Wherever a picture appears, leave it out, and transcribe the rest of the records exactly.

>>

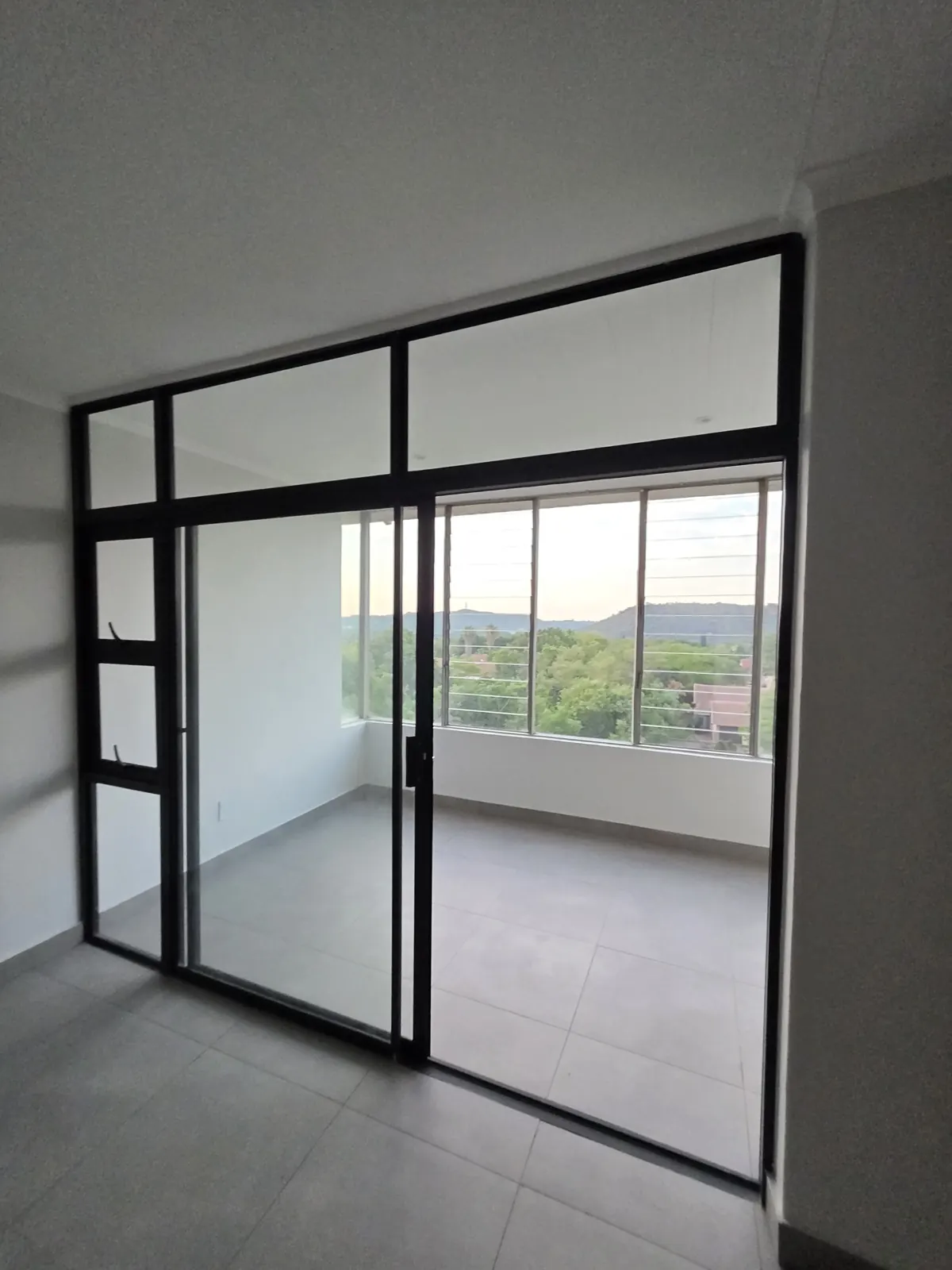 After: new black aluminium glass partition and sliding door, painted ceiling and large grey floor tiles, with views over the trees
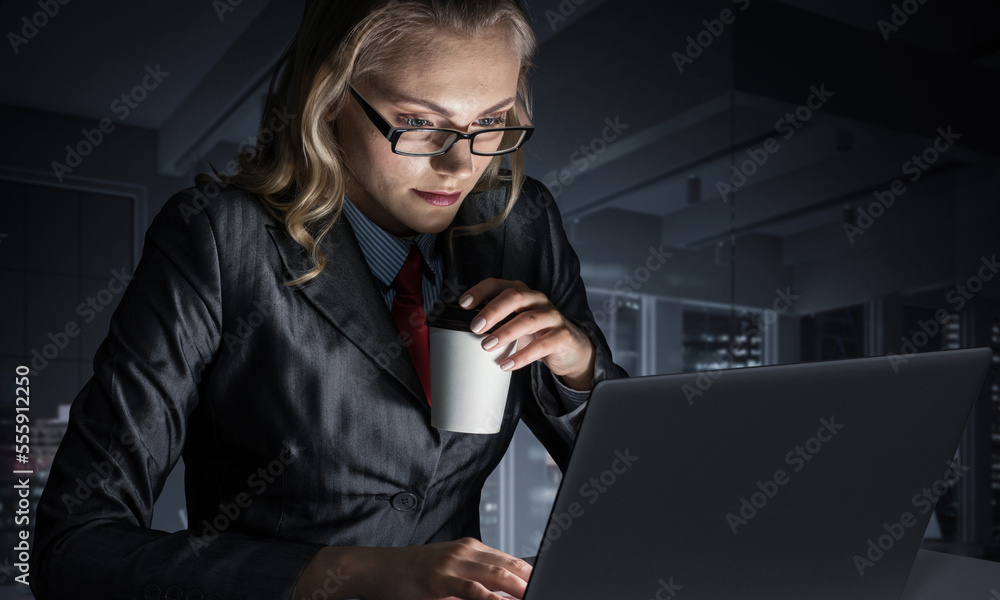 Businesswoman at desk looking at laptop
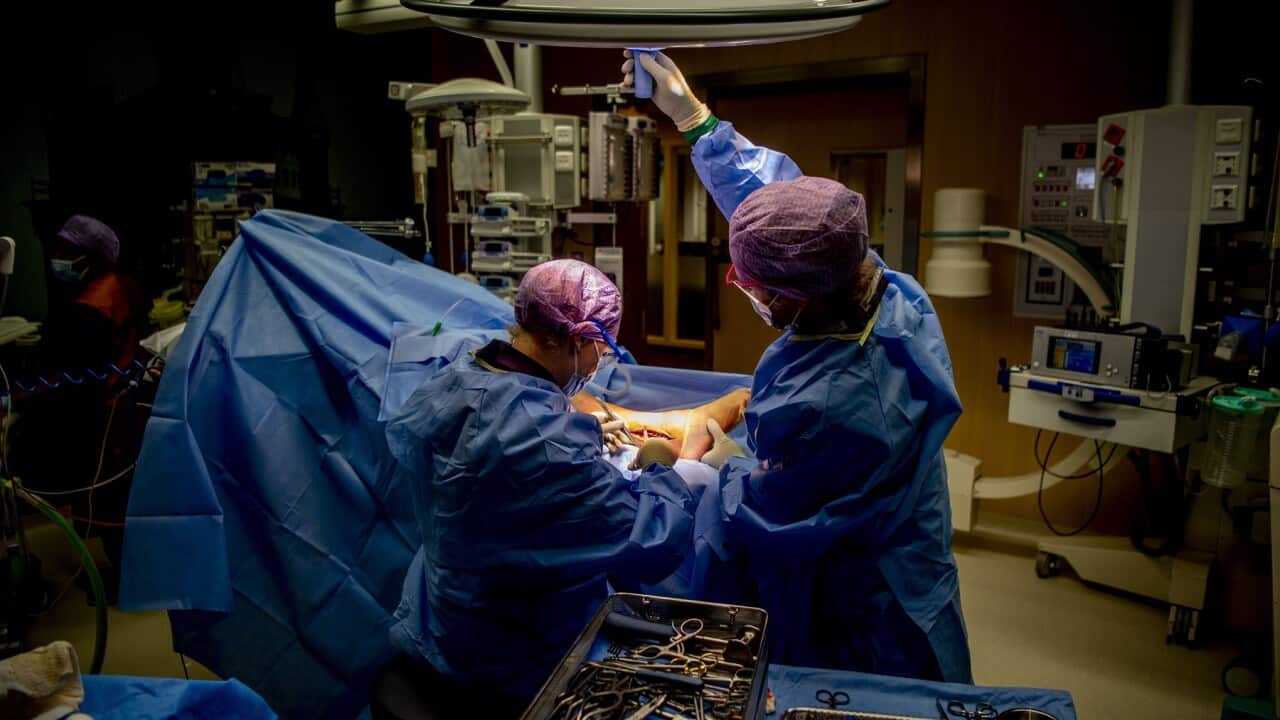 Doctors doing an operation on a broken leg in the surgery
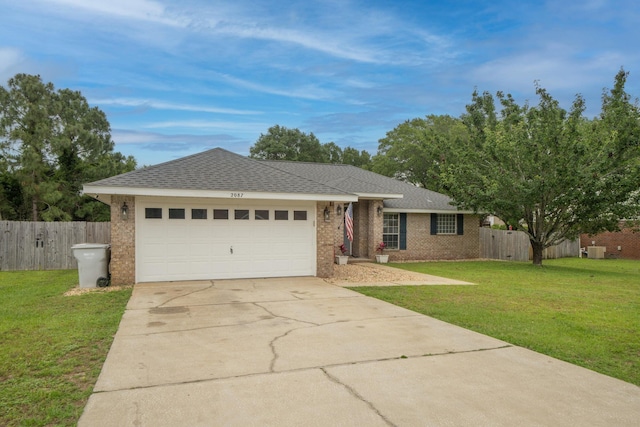 ranch-style home with a front yard and a garage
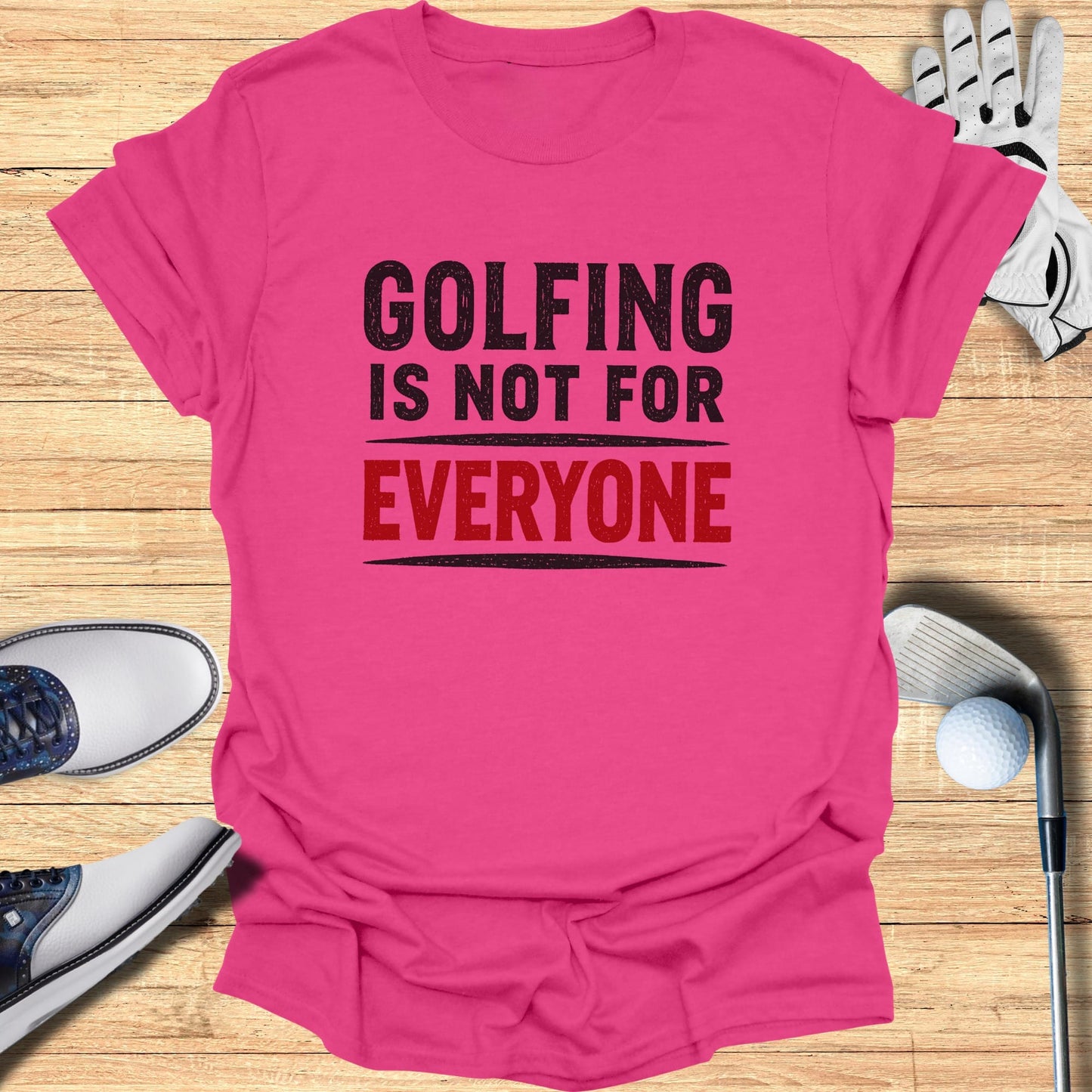 Pink t-shirt with black text "GOLFING IS NOT FOR EVERYONE" and red text "EVERYONE".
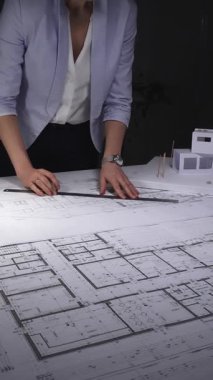 Mimari planlar ve ölçekli modeller üzerinde çalışan kadın mimar, inşaat planlama ve mühendisliğe odaklanıyor. Gösterişsiz ışıklandırmada mimari ve iş konsepti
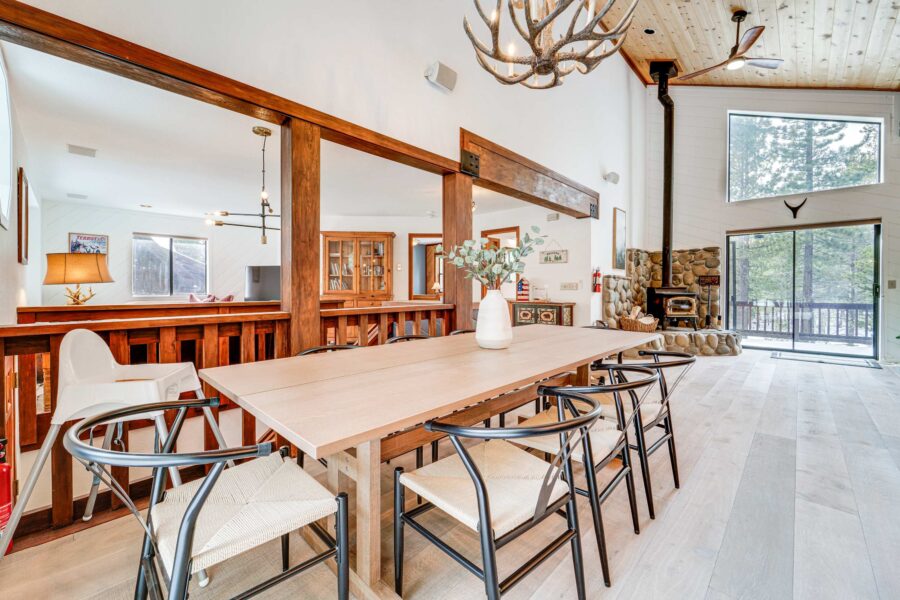 Spacious dining area in a Truckee vacation rental with wooden elements, antler chandelier, and a stone fireplace.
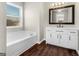 Bathroom with soaking tub and vanity at 11602 Kades Trl, Hampton, GA 30228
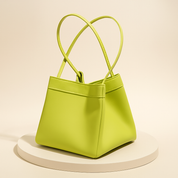 Lime green faux leather handbag with trapezoidal shape and dual handles, featuring smooth texture and clean stitching, displayed on a soft round platform with a gradient neutral background.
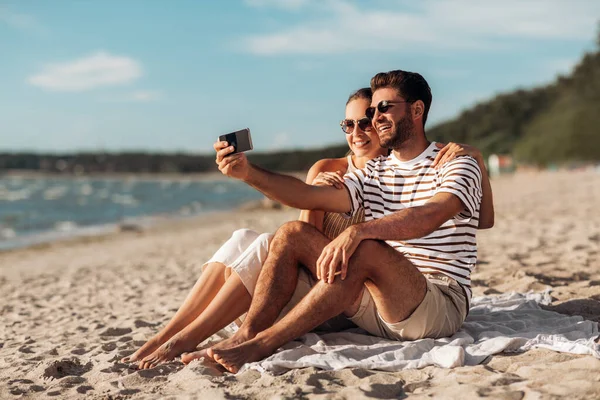 快乐的夫妻在海滩上用智能手机自拍 — 图库照片
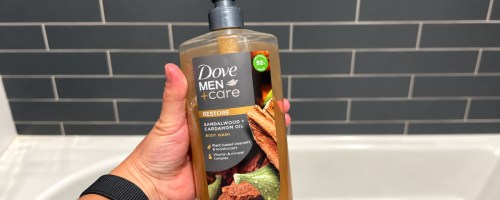 hand holding Dove Men Care Sandalwood Body Wash inside shower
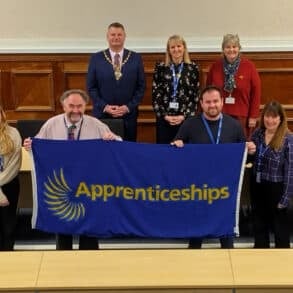 Councillors and staff holding up the national apprenticeship week flag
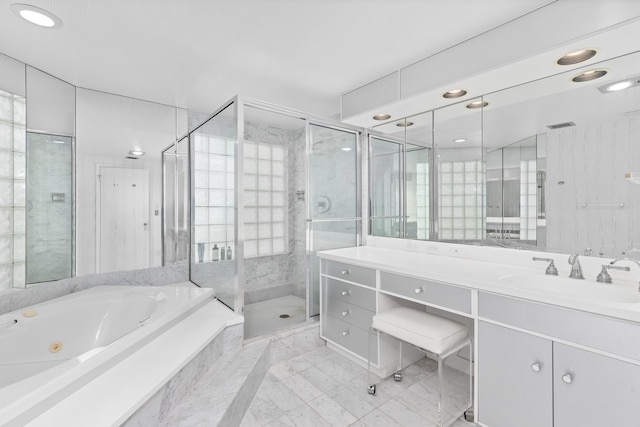 bathroom with vanity and shower with separate bathtub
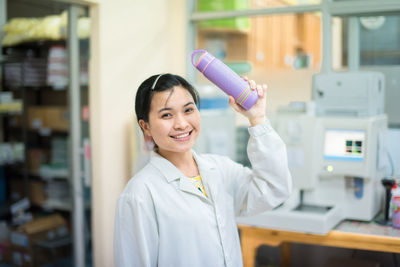 Confident nurse working at laboratory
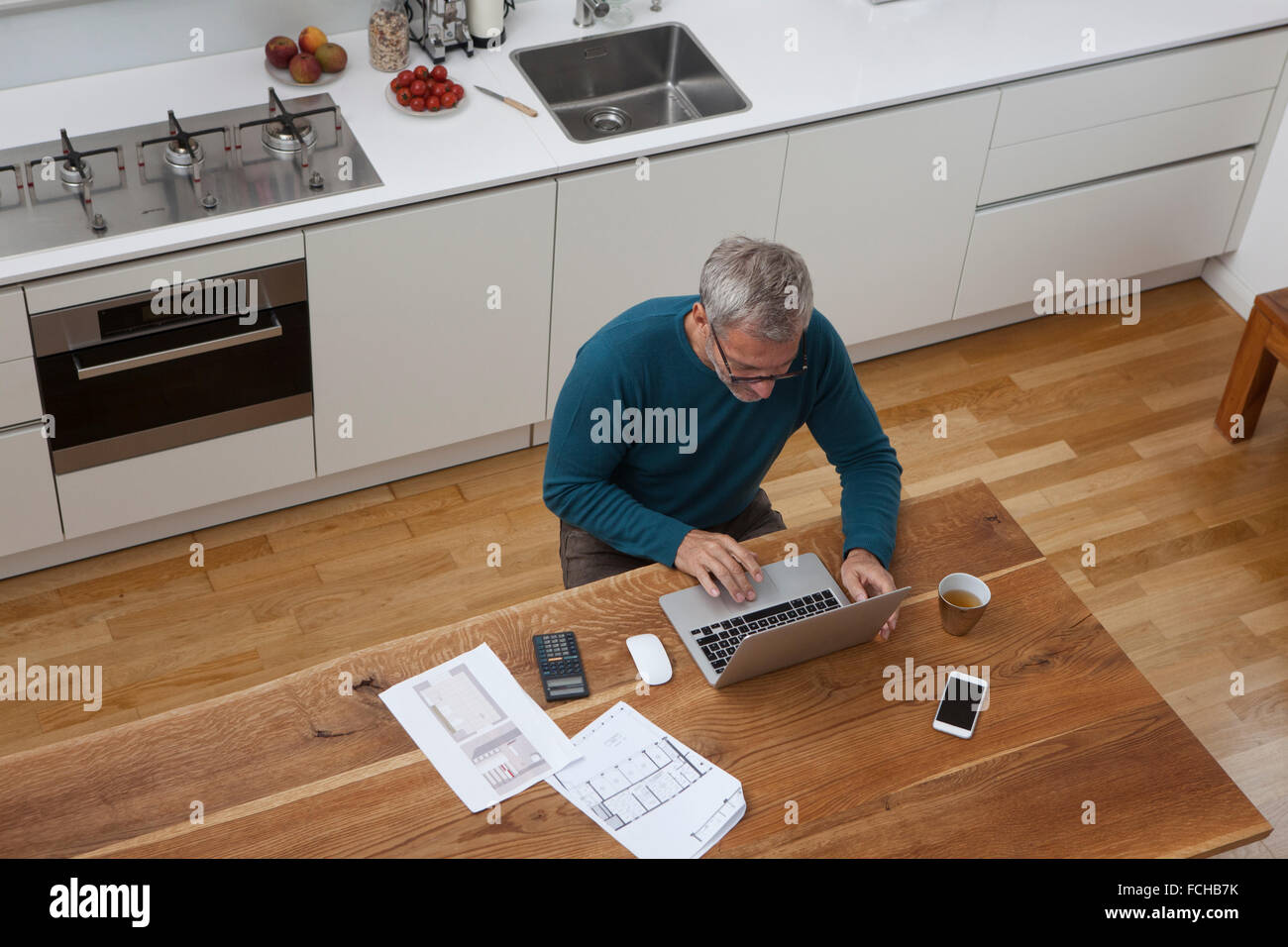 Reifer Mann in der Küche Bauplan mit laptop Stockfoto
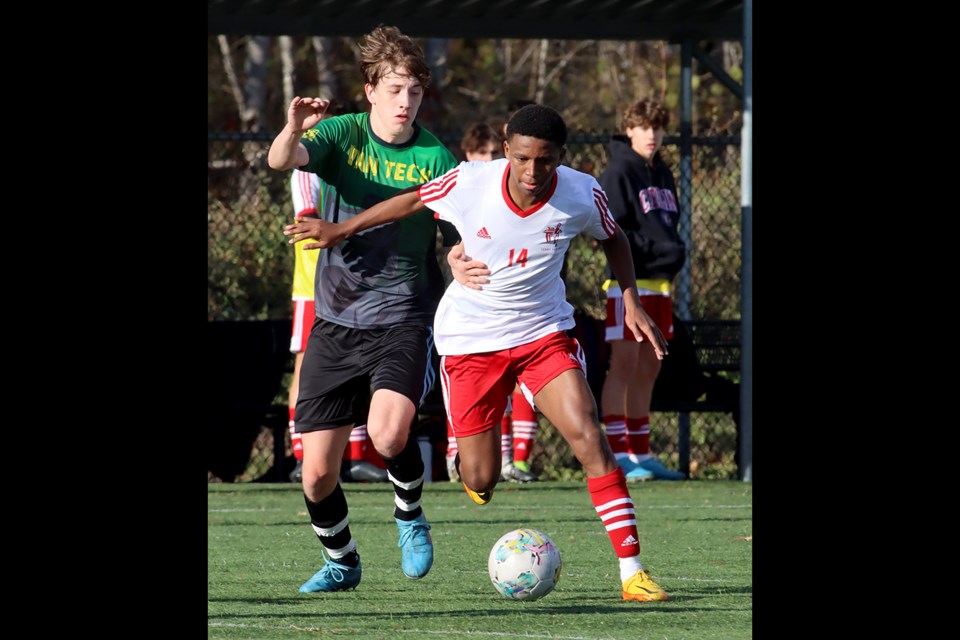 Terry Fox Ravens' forward Jhonatan Vente Barrios battles a  Van Tech defender for control of the ball in the first half of their BC High School AAA boys soccer provincials match, last Thursday at the Burnaby Lake Sports Complex West. Fox won the match, 2-0, and went on to finish third in the tournament.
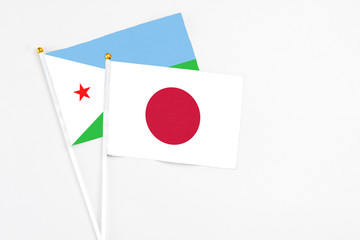 Japan and Djibouti stick flags on white background. High quality fabric, miniature national flag. Peaceful global concept.White floor for copy space.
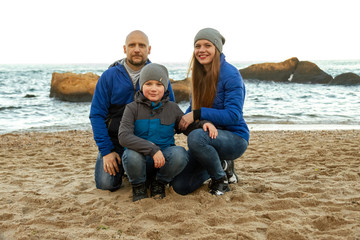 family walk on the sea coast in spring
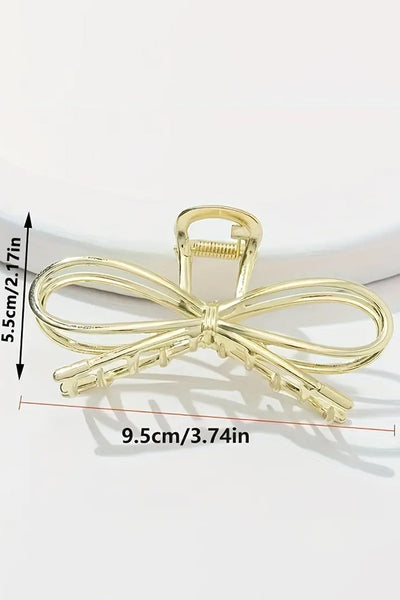 gold bow hair clip with dimensions 2.17" tall by 3.74" wide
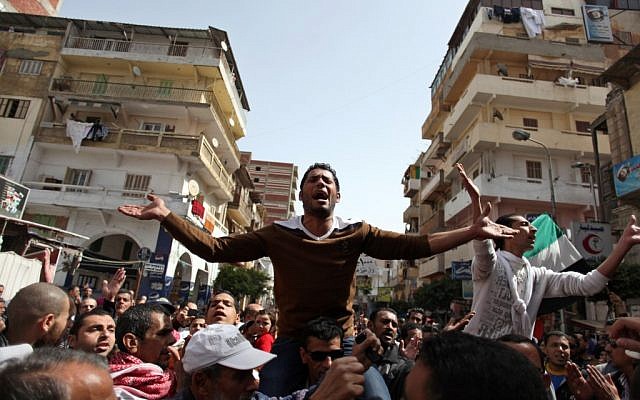 Egyptian protesters chant angry slogans during a demonstration after the noon prayer in Port Said, Egypt, Friday, March 8, 2013. With the country in chaos from weeks of protests against the Islamist president, the police have now joined the fray, launching their own protests (photo credit: AP/Khalil Hamra) Egyptian protesters chant angry slogans during a demonstration after the noon prayer in Port Said, Egypt, Friday, March 8, 2013. With the country in chaos from weeks of protests against the Islamist president, the police have now joined the fray, launching their own protests (photo credit: AP/Khalil Hamra)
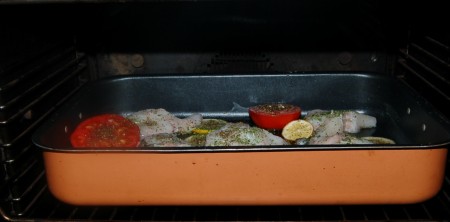 Отправить противень (форму) с зубаткой и помидорами в заранее нагретую до 200 градусов духовку на 30 минут.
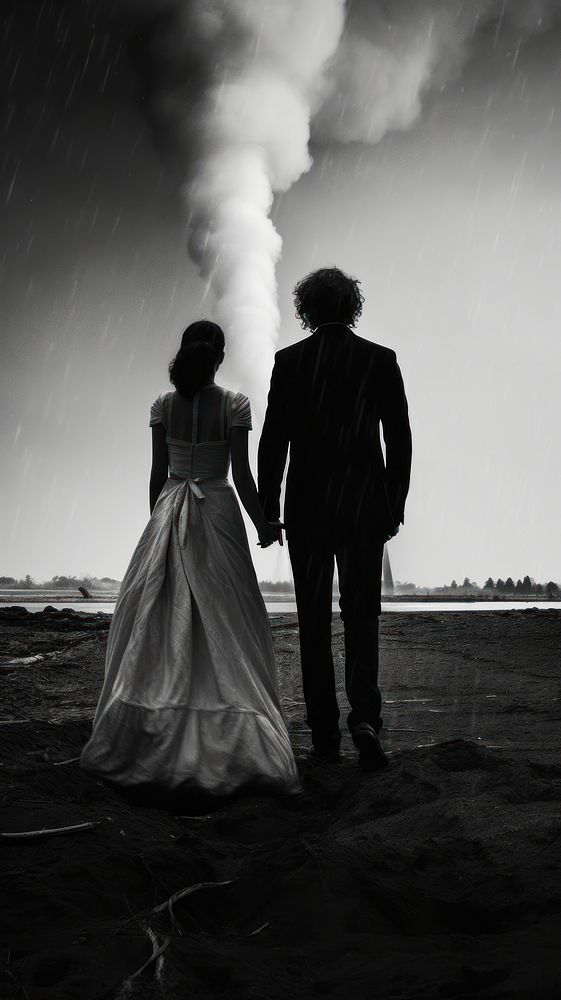 A wedding couple holding hand while the tornado at the background photography silhouette adult. AI generated Image by…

<<

Response to the task:
 After: new black aluminium glass partition and sliding door, painted ceiling and large grey floor tiles, with views over the trees
 Businesswoman at desk looking at laptop
 Doctors doing an operation on a broken leg in the surgery
 ranch-style home with a front yard and a garage
 Pink t-shirt with black text "GOLFING IS NOT FOR EVERYONE" and red text "EVERYONE".
 Mimari planlar ve ölçekli modeller üzerinde çalışan kadın mimar, inşaat planlama ve mühendisliğe odaklanıyor. Gösterişsiz ışıklandırmada mimari ve iş konsepti
 Spacious dining area in a Truckee vacation rental with wooden elements, antler chandelier, and a stone fireplace.
 Bathroom with soaking tub and vanity at 11602 Kades Trl, Hampton, GA 30228
 Lime green faux leather handbag with trapezoidal shape and dual handles, featuring smooth texture and clean stitching, displayed on a soft round platform with a gradient neutral background.
 快乐的夫妻在海滩上用智能手机自拍 — 图库照片
 hand holding Dove Men Care Sandalwood Body Wash inside shower
 Councillors and staff holding up the national apprenticeship week flag
 bathroom with vanity and shower with separate bathtub
 Confident nurse working at laboratory
 Reifer Mann in der Küche Bauplan mit laptop Stockfoto
 Terry Fox Ravens' forward Jhonatan Vente Barrios battles a  Van Tech defender for control of the ball in the first half of their BC High School AAA boys soccer provincials match, last Thursday at the Burnaby Lake Sports Complex West. Fox won the match, 2-0, and went on to finish third in the tournament.
 Japan and Djibouti stick flags on white background. High quality fabric, miniature national flag. Peaceful global concept.White floor for copy space.
 family walk on the sea coast in spring
 gold bow hair clip with dimensions 2.17" tall by 3.74" wide
 Egyptian protesters chant angry slogans during a demonstration after the noon prayer in Port Said, Egypt, Friday, March 8, 2013. With the country in chaos from weeks of protests against the Islamist president, the police have now joined the fray, launching their own protests (photo credit: AP/Khalil Hamra) Egyptian protesters chant angry slogans during a demonstration after the noon prayer in Port Said, Egypt, Friday, March 8, 2013. With the country in chaos from weeks of protests against the Islamist president, the police have now joined the fray, launching their own protests (photo credit: AP/Khalil Hamra)
 Отправить противень (форму) с зубаткой и помидорами в заранее нагретую до 200 градусов духовку на 30 минут.
 A wedding couple holding hand while the tornado at the background photography silhouette adult. AI generated Image by…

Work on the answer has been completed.